*** DATASET EXTRACT ***

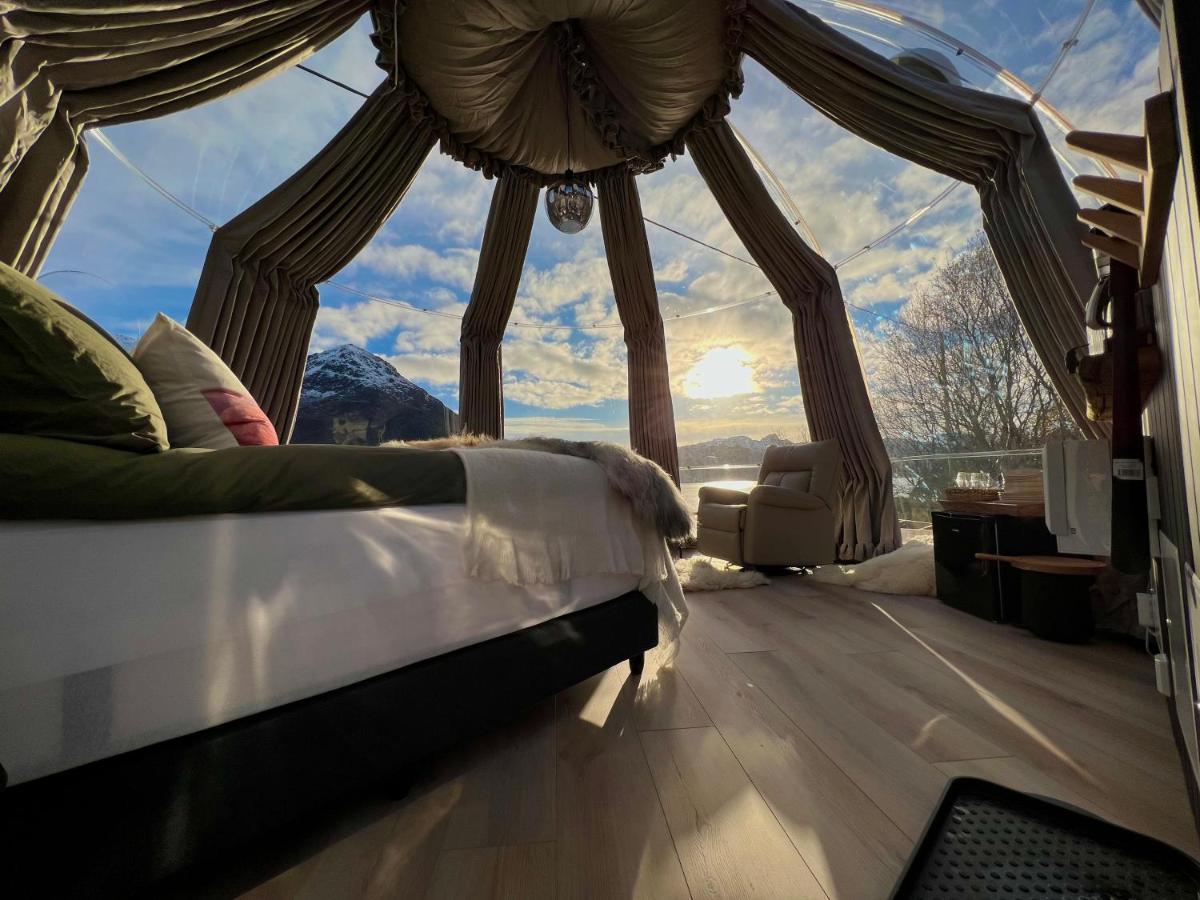 Lofoten Glampingdome Myrland Екстериор снимка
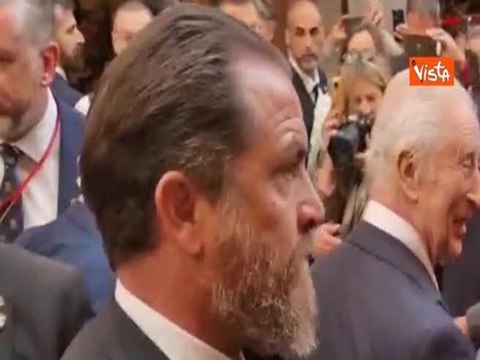 Un gelato offerto a Camilla, fuori programma per la coppia reale a Roma per l'anniversario di nozze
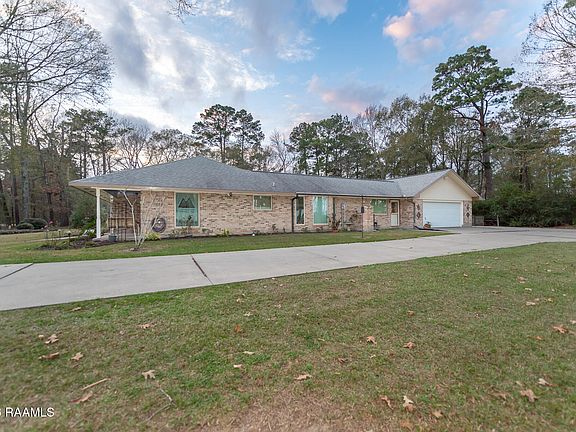 3rd image of 324 Rue Normandie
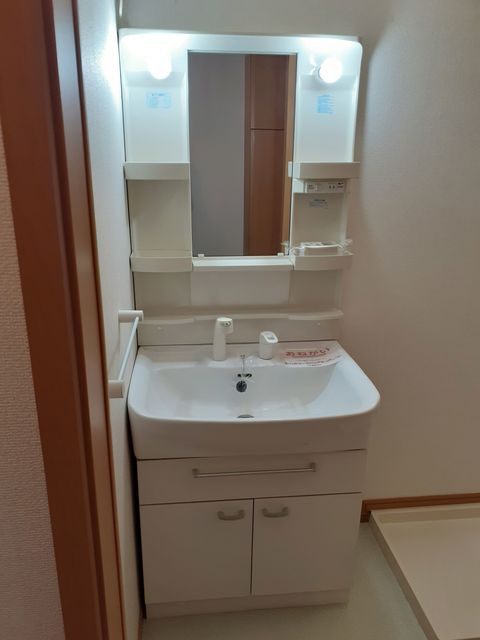洗面設備　明るい洗面所です★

*** End of DATASET EXTRACT ***

ACTION ITEM: Retype everything in the material word for word, minus pictures.

WRITTEN SOLUTION:
 Lofoten Glampingdome Myrland Екстериор снимка
 Un gelato offerto a Camilla, fuori programma per la coppia reale a Roma per l'anniversario di nozze
 3rd image of 324 Rue Normandie
洗面設備　明るい洗面所です★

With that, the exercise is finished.